Stored items
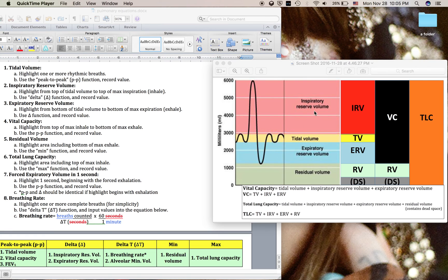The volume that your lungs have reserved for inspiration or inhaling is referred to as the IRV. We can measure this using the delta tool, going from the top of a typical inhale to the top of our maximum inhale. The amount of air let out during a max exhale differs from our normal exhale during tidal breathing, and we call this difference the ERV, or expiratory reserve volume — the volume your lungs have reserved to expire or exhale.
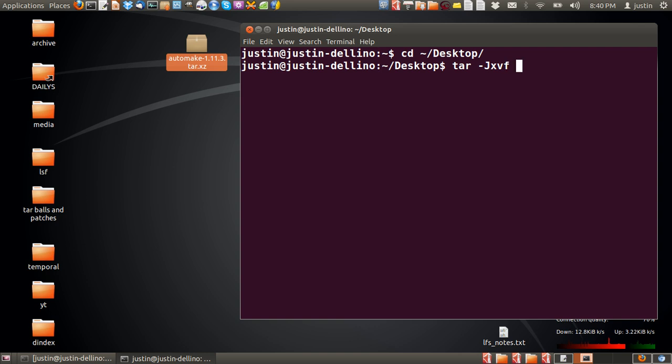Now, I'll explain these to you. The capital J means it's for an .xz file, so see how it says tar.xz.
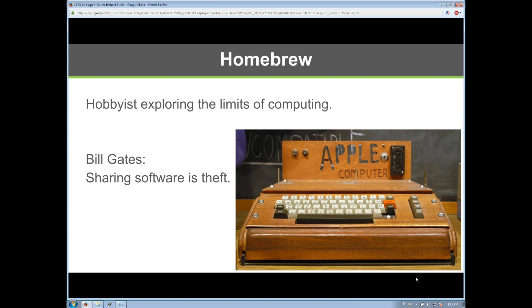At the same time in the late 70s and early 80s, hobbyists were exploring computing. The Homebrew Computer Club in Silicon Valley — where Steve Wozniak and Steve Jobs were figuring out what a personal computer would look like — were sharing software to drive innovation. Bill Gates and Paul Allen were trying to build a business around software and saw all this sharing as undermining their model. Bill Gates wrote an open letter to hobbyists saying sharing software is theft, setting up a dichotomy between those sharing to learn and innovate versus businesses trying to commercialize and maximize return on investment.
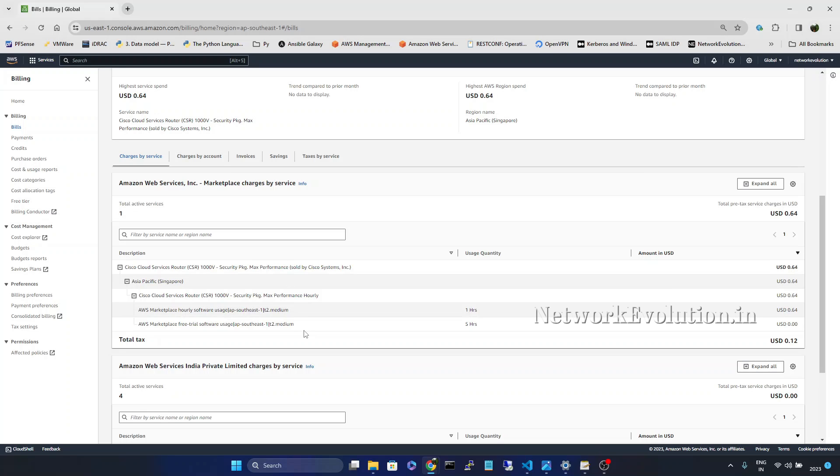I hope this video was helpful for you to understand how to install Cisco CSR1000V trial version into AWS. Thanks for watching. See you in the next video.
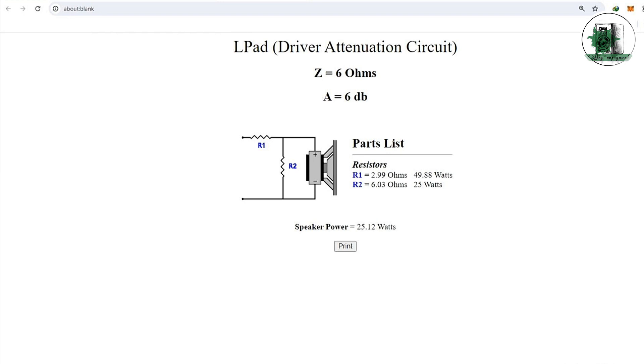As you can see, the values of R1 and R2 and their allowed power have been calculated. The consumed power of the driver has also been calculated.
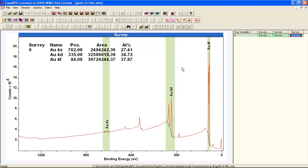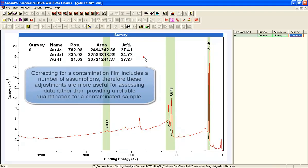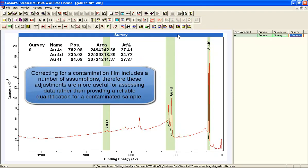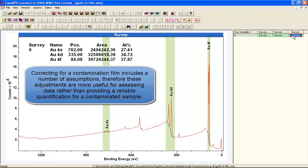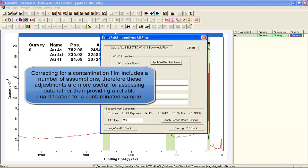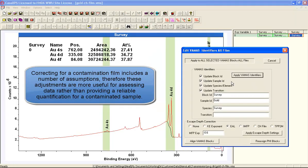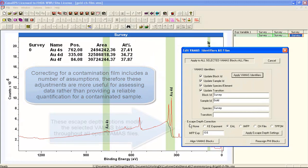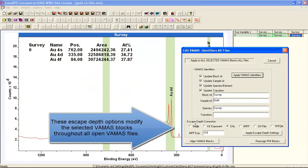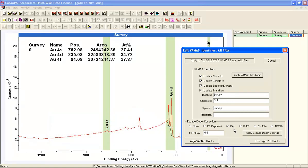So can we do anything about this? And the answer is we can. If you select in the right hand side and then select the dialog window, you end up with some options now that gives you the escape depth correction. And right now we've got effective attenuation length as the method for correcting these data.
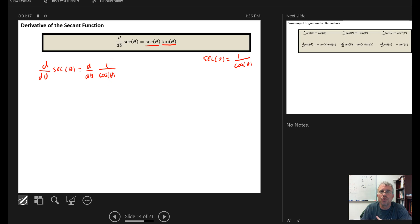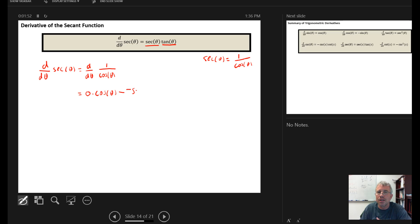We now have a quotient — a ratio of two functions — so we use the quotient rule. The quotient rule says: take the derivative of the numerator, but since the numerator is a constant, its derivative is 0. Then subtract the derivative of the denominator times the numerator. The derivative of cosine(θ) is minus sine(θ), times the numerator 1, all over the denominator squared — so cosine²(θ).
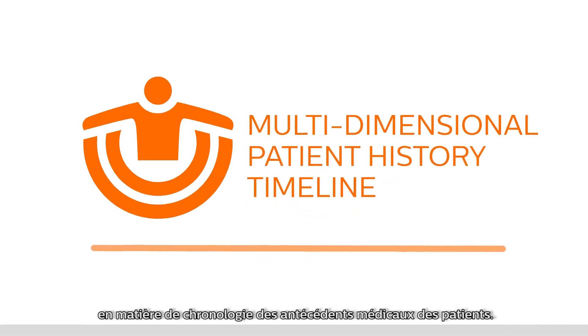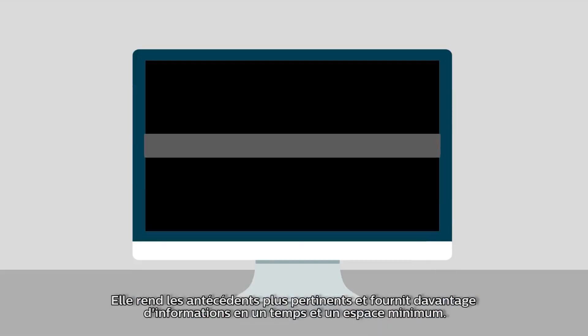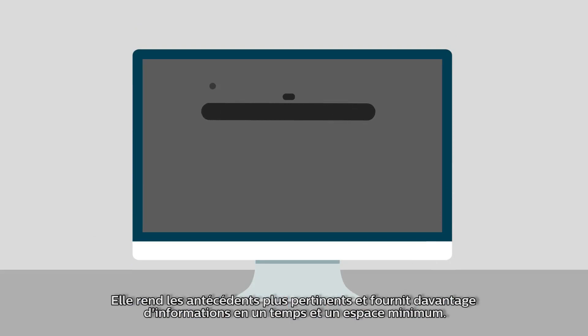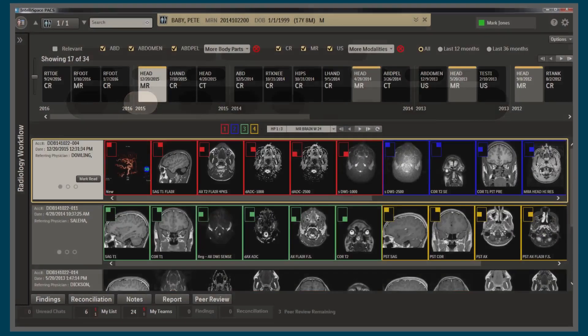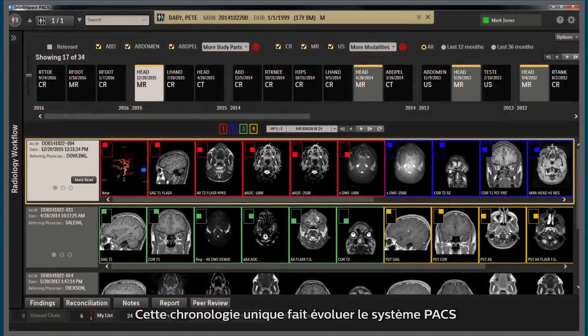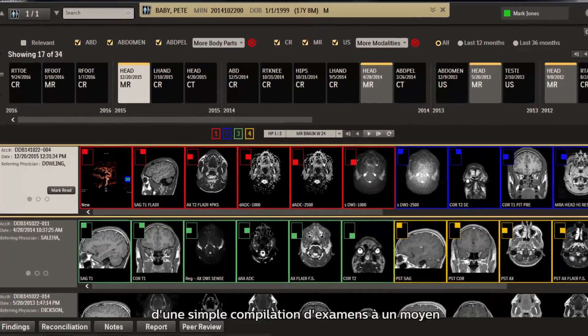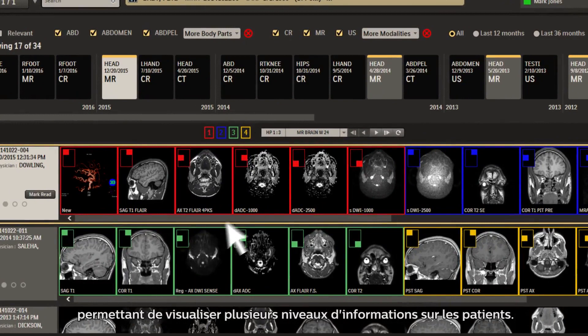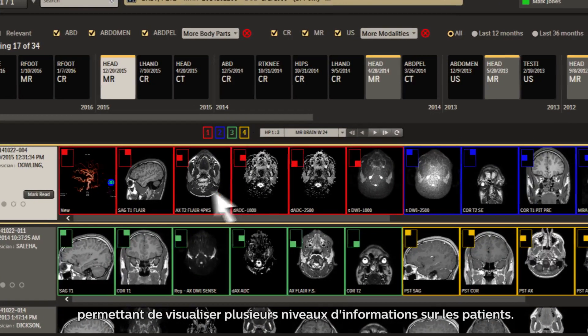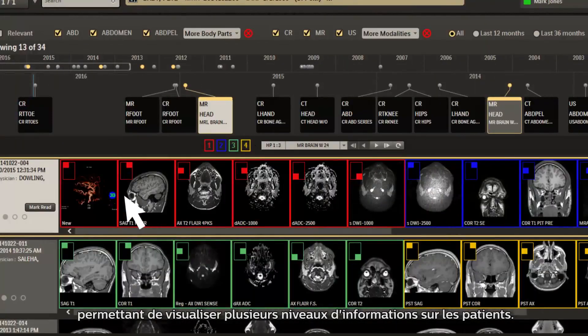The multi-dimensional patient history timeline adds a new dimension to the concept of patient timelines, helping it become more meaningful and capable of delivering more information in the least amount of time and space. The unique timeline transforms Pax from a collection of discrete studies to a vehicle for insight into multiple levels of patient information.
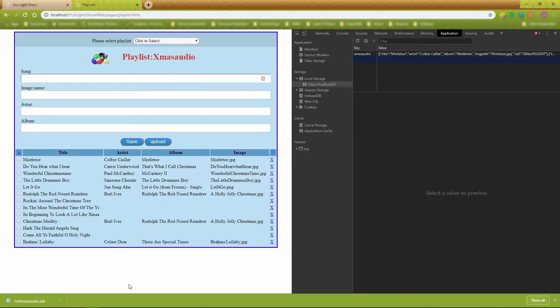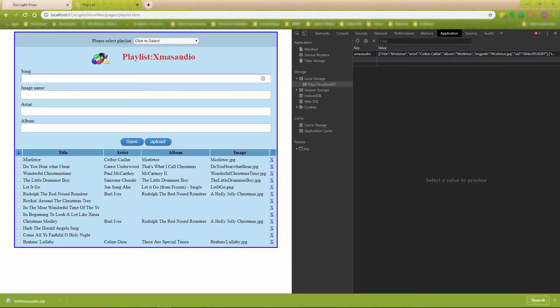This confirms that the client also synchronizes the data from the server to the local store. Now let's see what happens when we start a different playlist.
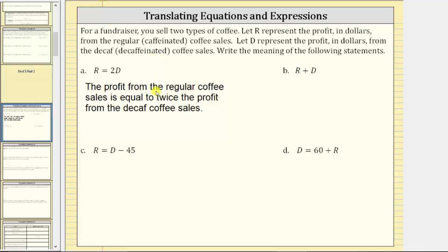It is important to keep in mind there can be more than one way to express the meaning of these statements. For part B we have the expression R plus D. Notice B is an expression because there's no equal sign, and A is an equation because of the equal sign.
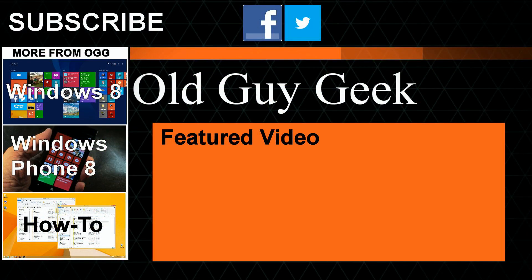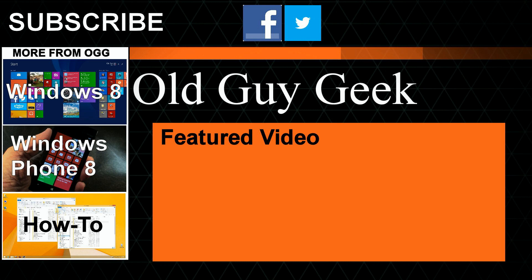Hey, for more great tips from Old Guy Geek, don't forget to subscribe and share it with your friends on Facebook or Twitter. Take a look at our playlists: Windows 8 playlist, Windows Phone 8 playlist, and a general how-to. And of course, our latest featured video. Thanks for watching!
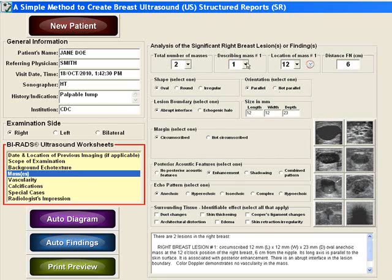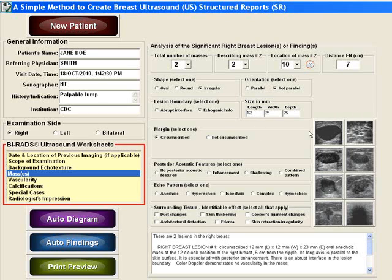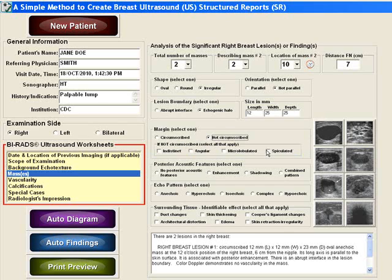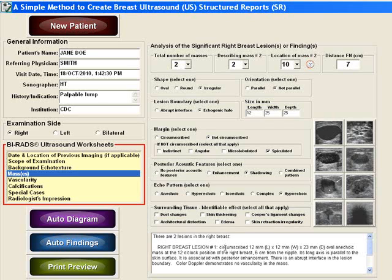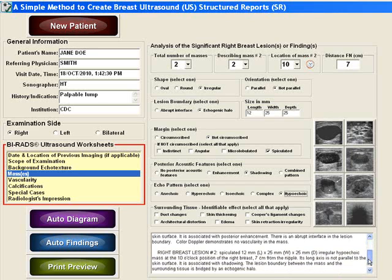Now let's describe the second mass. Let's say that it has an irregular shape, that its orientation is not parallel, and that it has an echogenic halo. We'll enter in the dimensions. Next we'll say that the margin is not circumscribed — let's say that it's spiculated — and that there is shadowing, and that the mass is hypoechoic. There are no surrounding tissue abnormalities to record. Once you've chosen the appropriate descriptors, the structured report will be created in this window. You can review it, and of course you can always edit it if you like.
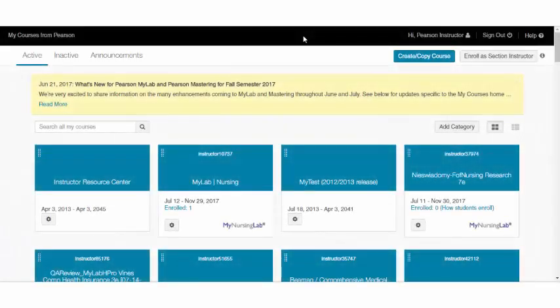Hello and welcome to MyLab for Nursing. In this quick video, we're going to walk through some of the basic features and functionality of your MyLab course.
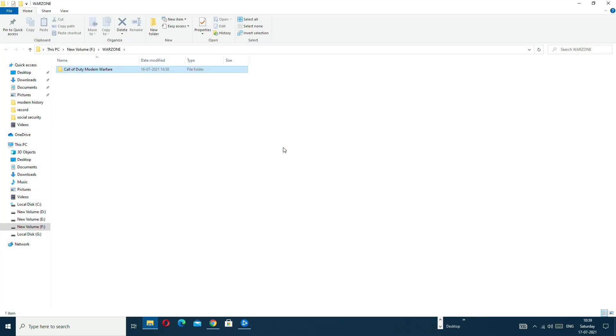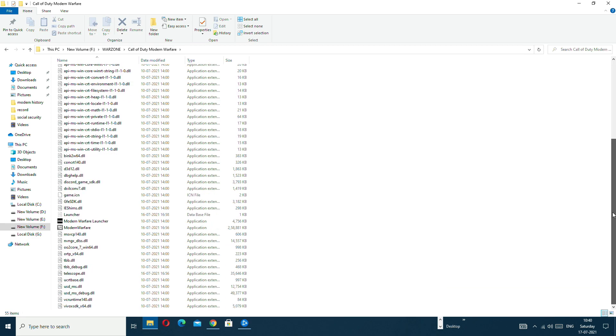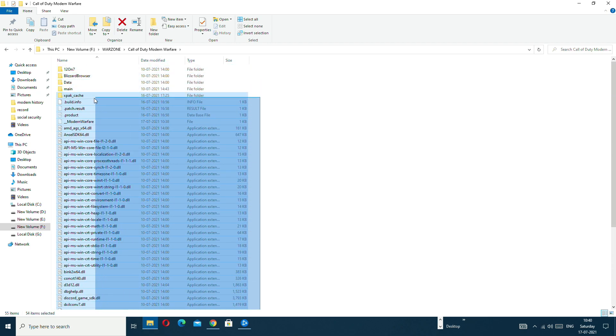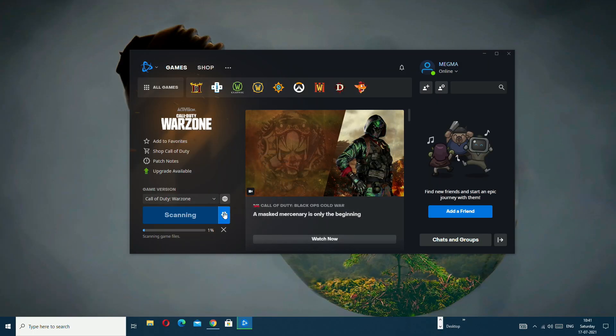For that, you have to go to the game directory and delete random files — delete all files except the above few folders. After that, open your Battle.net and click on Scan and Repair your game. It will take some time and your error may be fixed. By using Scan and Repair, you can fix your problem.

> _Task details_
Among the entries above, take the lines from the one with "The multi-dimensional patient" through the one with "This confirms that" and retype them exactly, leaving out the pictures.

> _Task solution_
The multi-dimensional patient history timeline adds a new dimension to the concept of patient timelines, helping it become more meaningful and capable of delivering more information in the least amount of time and space. The unique timeline transforms Pax from a collection of discrete studies to a vehicle for insight into multiple levels of patient information.
This confirms that the client also synchronizes the data from the server to the local store. Now let's see what happens when we start a different playlist.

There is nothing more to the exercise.